Evidence for CUGBP1 acting as a RNA degradation factor came first from the Xenopus model. Xenopus CUGBP1 (xCUGBP1, formerly known as EDEN-BP) was identified in 1998 for its ability to bind specifically to a GU-rich element (Embryonic deadenylation element EDEN) located in the 3'UTRs of some mRNAs that are rapidly deadenylated and translationally repressed after fertilization in early development. Because deadenylation is often the rate limiting step of mRNA degradation the enhancement of deadenylation increases mRNA turnover.

Human CUGBP1 (hCUGBP1) had been previously identified by Timchenko and colleagues for its ability to bind to CUG repeats located in the DMPK 3'UTR. A large amount of work has since described the role of hCUGBP1 on control of alternative splicing and will not be discussed here. The demonstration that hCUGBP1 is involved in the control of mRNA deadenylation and instability like xCUGBP1 came next. In mammalian cell extract as well as in xenopus egg extracts, depletion and rescue experiments showed that specific binding of CUGBP1 to the 3'UTR of mRNA is required for the targeted specific deadenylation to occur. In rescue experiments in xenopus egg extracts, the recombinant human protein can replace the xenopus one making them functional homolog. Furthermore, the Poly(A) ribonuclease PARN was shown to interact with CUGBP1. In human cells, tethering of hCUGBP1 to a mRNA decreases its steadystate suggesting the destabilization of the mRNA. The first human mRNA reported to be targeted to rapid deadenylation and degradation by CUGBP1 is the oncogene c-jun. Years ago, it was shown that the class III ARE (devoid of any AUUUA motif) of the human c-jun oncogene directed rapid deadenylation and degradation to a reporter mRNA. Both xCUGBP1 and hCUGBP1 were shown to specifically bind to c-jun ARE. The binding of CUGBP1 to the 3'UTR of mRNAs bearing GU-rich element would target these mRNAs for rapid deadenylation by PARN and subsequent degradation. This was recently demonstrated by siRNA-mediated knockdown of hCUGBP1 that led to stabilization of a reporter RNA bearing the c-jun UG -rich ARE.
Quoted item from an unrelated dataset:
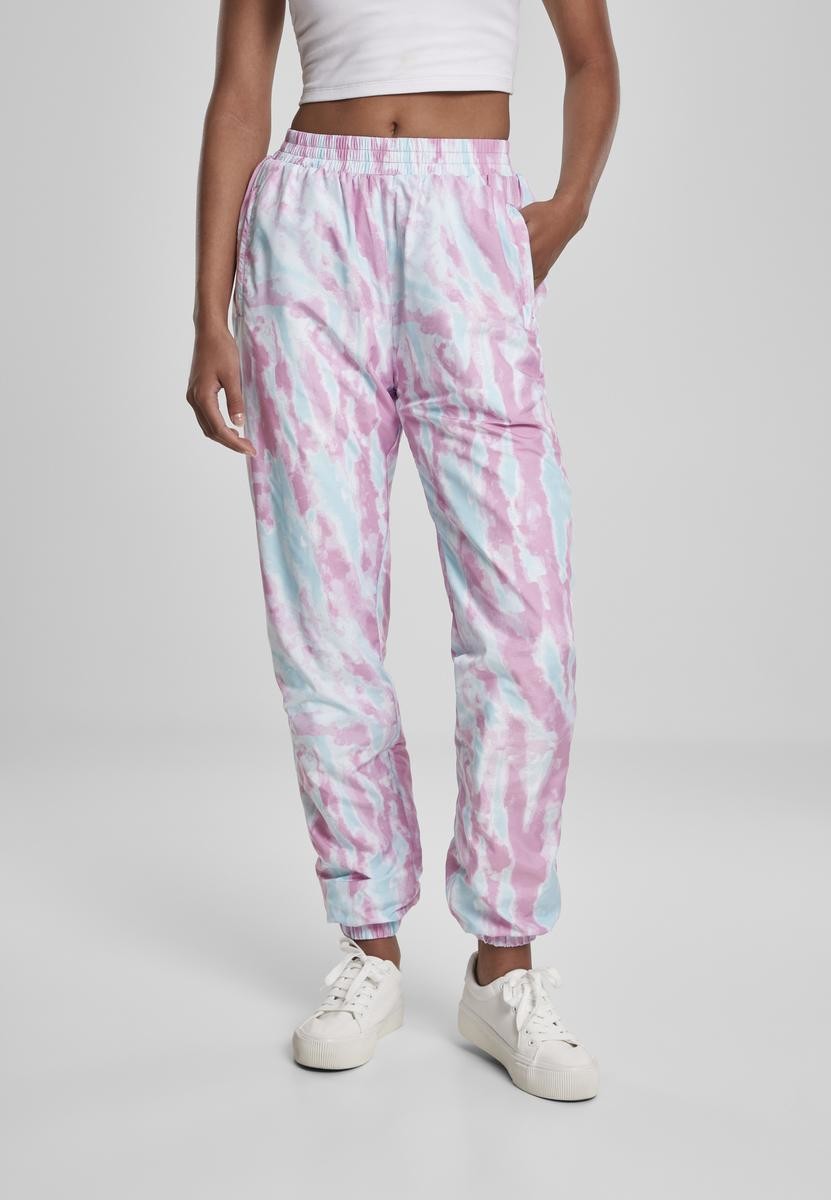 Ladies Tie Dye Track Pants Aquablue/pink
UGU(G/A) tetranucleotides are key determinants of the binding site for xCUGBP1. A SELEX approach for the identification of artificial substrate of hCUGBP1 led to the proposition that UGU containing sequences were highly favoured for binding. More recently, the reappraisal of CUGBP1 binding sites on the base of a combination of the SELEX approach and

Immunoprecipitation of the CUGBP1 containing complexes has led Graindorge et al. to propose a 15 nt motif as a key determinant of CUGBP1 binding. Such a motif is found in a number of unstable mRNAs in human cells suggesting that they are degraded by a CUGBP1 deadenylation dependent pathway.